How do search engines work?
Search engines work by taking a list of known URLs, which then go to the scheduler. The scheduler decides when to crawl each URL. Crawled pages then go to the parser where vital information is extracted and indexed. Parsed links go to the scheduler, which prioritizes their crawling and re-crawling.
When you search for something, search engines return matching pages, and algorithms rank them by relevance.
We’ll cover ranking algorithms shortly. First, let’s drill deeper into the mechanisms used to build and maintain a web index to make sure we understand how they work. These are scheduling, crawling, parsing, and indexing.
Scheduling
The scheduler assesses the relative importance of new and known URLs. It then decides when to crawl new URLs and how often to re-crawl known URLs.
Crawling
The crawler is a computer program that downloads web pages. Search engines discover new content by regularly re-crawling known pages where new links often get added over time.
For example, every time we publish a new blog post, it gets pushed to the top of our blog homepage, where there’s a link.

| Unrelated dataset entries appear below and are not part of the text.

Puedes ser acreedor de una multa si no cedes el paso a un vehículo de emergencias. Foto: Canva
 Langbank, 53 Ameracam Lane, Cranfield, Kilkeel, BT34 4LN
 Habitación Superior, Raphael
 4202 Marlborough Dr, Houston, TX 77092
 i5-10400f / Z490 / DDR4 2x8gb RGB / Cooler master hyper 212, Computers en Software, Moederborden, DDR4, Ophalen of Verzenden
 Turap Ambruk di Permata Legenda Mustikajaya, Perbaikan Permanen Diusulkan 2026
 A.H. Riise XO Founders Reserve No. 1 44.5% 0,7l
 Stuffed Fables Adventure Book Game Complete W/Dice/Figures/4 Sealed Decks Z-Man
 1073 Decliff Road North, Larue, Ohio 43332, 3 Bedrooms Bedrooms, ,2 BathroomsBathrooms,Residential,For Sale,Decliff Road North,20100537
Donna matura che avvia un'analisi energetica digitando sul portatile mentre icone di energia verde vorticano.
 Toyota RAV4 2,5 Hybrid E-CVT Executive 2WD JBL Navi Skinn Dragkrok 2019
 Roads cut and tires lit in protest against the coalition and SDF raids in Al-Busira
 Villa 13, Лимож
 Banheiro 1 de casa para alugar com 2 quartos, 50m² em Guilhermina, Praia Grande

When a search engine like Google re-crawls that page, it downloads the content of the page with the recently-added links.
The crawler then passes the downloaded web page to the parser.
Parsing
The parser extracts links from the page, along with other key information. It then sends extracted URLs to the scheduler and extracted data for indexing.
Indexing
Indexing is where parsed information from crawled pages gets added to a database called a search index.
Think of this as a digital library of information about trillions of web pages.